坂東観音霊場十五番・十六番札所参拝記(2)
白岩観音を後にし、次に目指すは十六番札所・水澤観音です。
白岩観音から水澤観音へ向かう道中の箕郷町(みさとまち)に箕輪城(みのわじょう)城址公園があります。
箕輪城は室町時代末期に関東管領上杉氏の家臣長野氏によって築城されました。戦国時代、信濃より東進してきた武田信玄の侵攻を受けるも(1555-58)城主長野業政(なりまさ)は知勇を以て奮戦しこれを退け、名将として語り継がれています。業政死後、子の業盛(なりもり)は父の遺志を継ぎよく戦うも、再び攻め寄せた武田勢の総攻撃により1566年落城し、長野氏は攻め滅ぼされました。
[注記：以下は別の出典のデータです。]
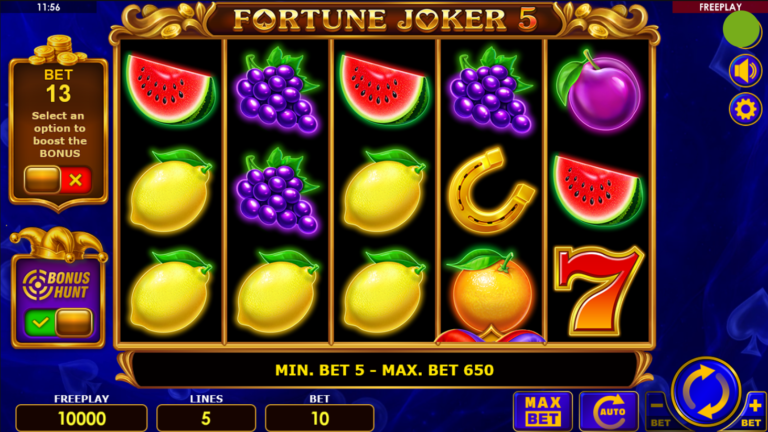 Fortune Joker 5 slot gameplay screenshot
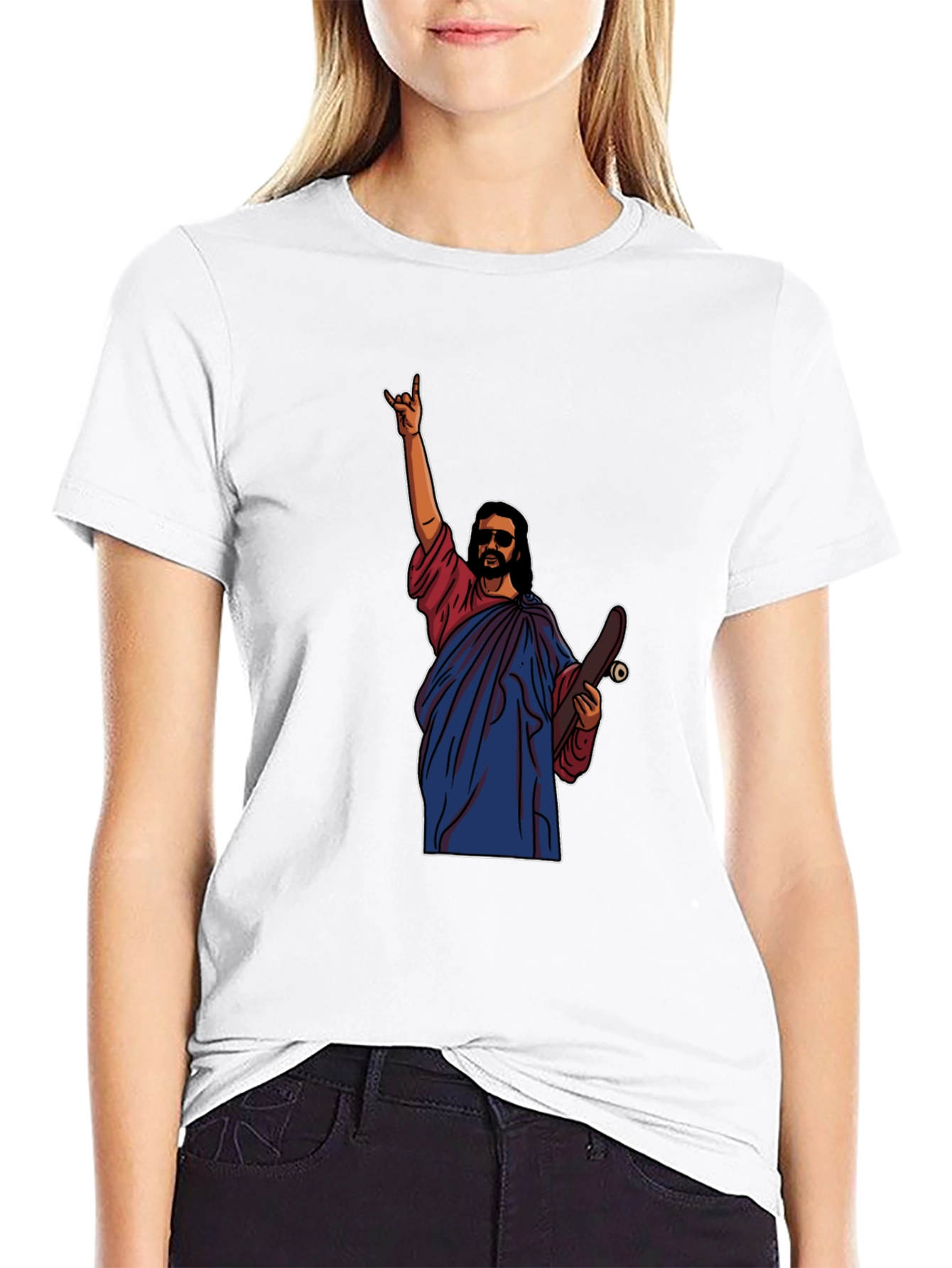 Skateboarding Jesus Graphic T-Shirt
箕輪城は武田氏滅亡後に織田→北条→徳川氏と支配者を変え、1598年に徳川家臣井伊直正が高崎へ城を移し廃城となりましたが、城下町の町並みの名残が今も残ります。写真は城の裏口にあたる搦手(からめて)口。
城跡を示す石碑と由来書き。
箕輪城本丸跡。石碑がある他は茫漠と草むらが広がっています。
「夏草や 兵どもが 夢の跡」芭蕉。
榛東村(しんとうむら)に入ってどこか昼食を摂るところを探すとこちらのお店「中華大榛」が目に入りました。昼の営業から中休みに入る直前でしたが快く入店させていただきました。「大榛特製ラーメン」はラーメン好きの人は一度お試しあれ。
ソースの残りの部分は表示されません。